5 de maio de 2005

A DECISÃO POR PÊNALTIS




A decisão por pênaltis é o juízo final do futebol. É quando separam-se os vivos dos mortos. Porque o futebol não é espetáculo nem entretenimento, como querem os apresentadores monopolistas da televisão. Os espectadores não estão se divertindo, estão participando de uma guerra entre facções inimigas. E quando há um jogo definitivo, misturam-se a um momento mortal onde não há perdão para qualquer deslize. Toda uma vida pregressa está nas mãos desse tribunal inumano e implacável.

PESADELO - A humanidade é vocacionada para a guerra. Precisa lutar de alguma forma. As pessoas vão ao estádio porque querem vencer. Por isso os coros com palavrões, a condenação prévia do árbitro, o desprezo dedicado aos bandeirinhas, os adversários sendo tratados como alvos. Vale tudo nesse território sangrento: racismo, ódio, exclusão, socos, xingamentos e pontapés. A alegria da superioridade de uma parte da platéia e seus gladiadores tem sempre seu lado oposto, a sombra dos prejudicados. A festa, por isso, nunca é bonita, como diz o Galvão Bueno. A festa pode virar um pesadelo: o campeonato que acaba mais cedo, a vaga que se esfuma, como aconteceu ontem com o Corinthians (patrimônio nacional atualmente em mãos estrangeiras). Com isso, esvai-se não só as vitórias, mas o dinheiro que se deixa de ganhar. Como a política, o futebol é a continuação da guerra ou até mesmo a sua anunciação ou o seu rescaldo.
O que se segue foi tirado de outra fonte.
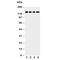 Laminin Subunit Gamma 2 antibody, R30659, NSJ Bioreagents, Western Blot image 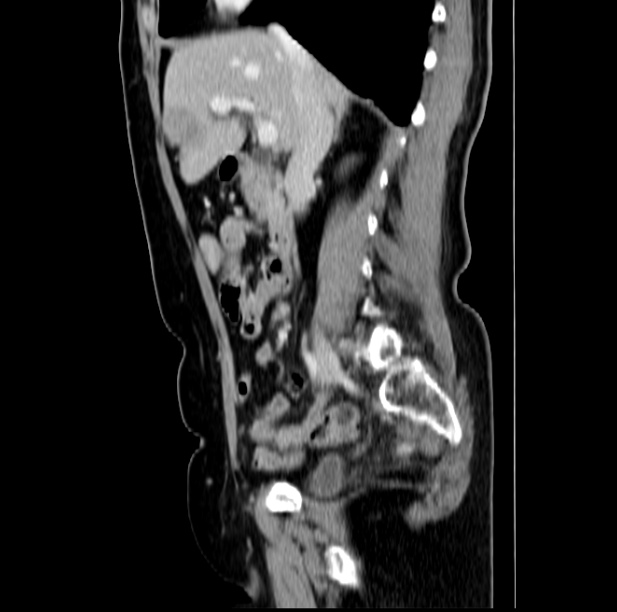 Colon carcinoma with hepatic metastases (Radiopaedia 29477-29961 C 22).jpg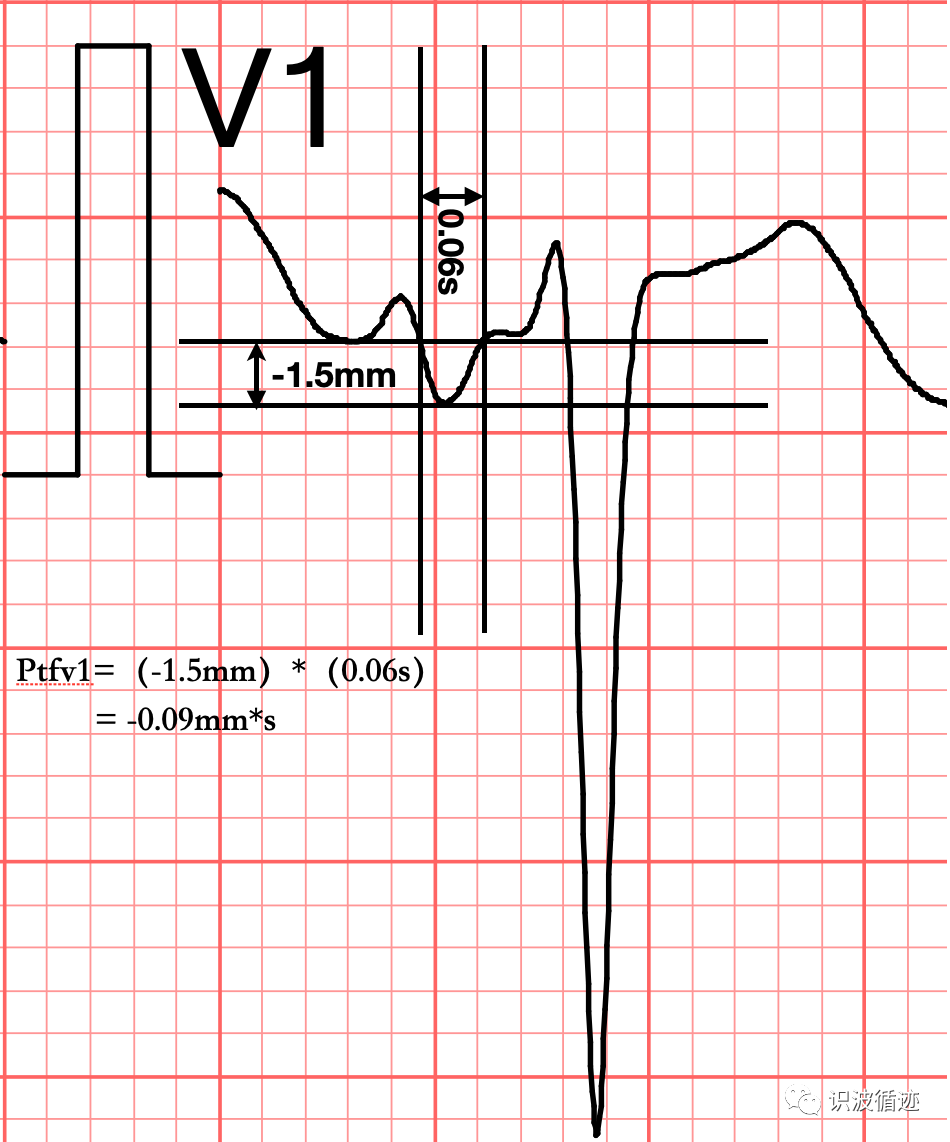 心电图mm单位怎么读心电基础：Ptfv1_https://www.jmylbn.com_新闻资讯_第3张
APOCALIPSE - Batedor e goleiro se enfrentam para definir a sorte. O retângulo do gol não interessa. Visto do batedor, todo o foco está centrado no corpo móvel do goleiro. Visto do arco, a bola está parada como águia que aguarda o próprio bote. O vôo é na velocidade da luz. O planejamento desenha-se numa série de gestos: a corrida curta, o impulso, a posição ocupada pelo pé na hora do chute, a coreografia do arqueiro que precisa atrair a águia para seus braços. As aves de rapina aparentemente são dóceis quando domesticadas. Mas só quando estão cegas, quando algo tapa seu olhar de diamante. Basta tirar-lhe o capuz (o chute) para que avance sobre a presa como celerada. Conforme a ordem emitida, poderá chegar à rede, como aconteceu na falta batida por Tevez; ou na lua, como o chute desastrado de Roger. Tevez debochou do goleiro negro fazendo cara desafiadora depois de conseguir o ponto. Faz parte, está no seu DNA cultural. Em compensação, Cleber correu para a bola no último lance como um algoz cai sobre o pescoço da vítima. Ele foi com tudo. Não dispunha mais de pés nem de corpo, era só vontade, a gana de colocar aquela bola dentro, custasse qualquer coisa. Cleber queria escapar da maldição de ter tido a vaga nas mãos. Poderia ter deixado partir, poderia ter adiado o desenlace. Mas ele não deu chance ao destino.

GRITO - Cleber correu como nunca, como um louco atrás da miragem, como touro que investe contra o pavor do fugitivo. Quando conseguiu classificar o Figueirense para as quartas-de-final, continuou correndo tirando a camisa, pois já não cabia mais no time, fazia já parte de algo maior, que rebatia das arquibancadas como vagalhão de mar, como repuxo violento de maré. Para um corintiano em recesso como eu, que quer ver pelas costas os argentinos e todo o resto da máfia que pegou o Corinthians para si, foi um momento empolgante. Gritei para o video: Tu vai fazer esse gol, cara, tu vai conseguir chutar a cara do Passarola, corre Cleber, corre para quebrar a espinha desses bandidos! Foi assim que um pacato cidadão brasileiro transformou-se na contrafação do guerreiro que evita ser, por educação e civilidade. Compreendam. Quero o Corinthians de volta.

RETORNO - Vejo no Jornal Nacional que a crise estás instalada no Corinthians. O perdedor Passarola, o tosco Tevez e toda a caterva devem voltar de onde vieram.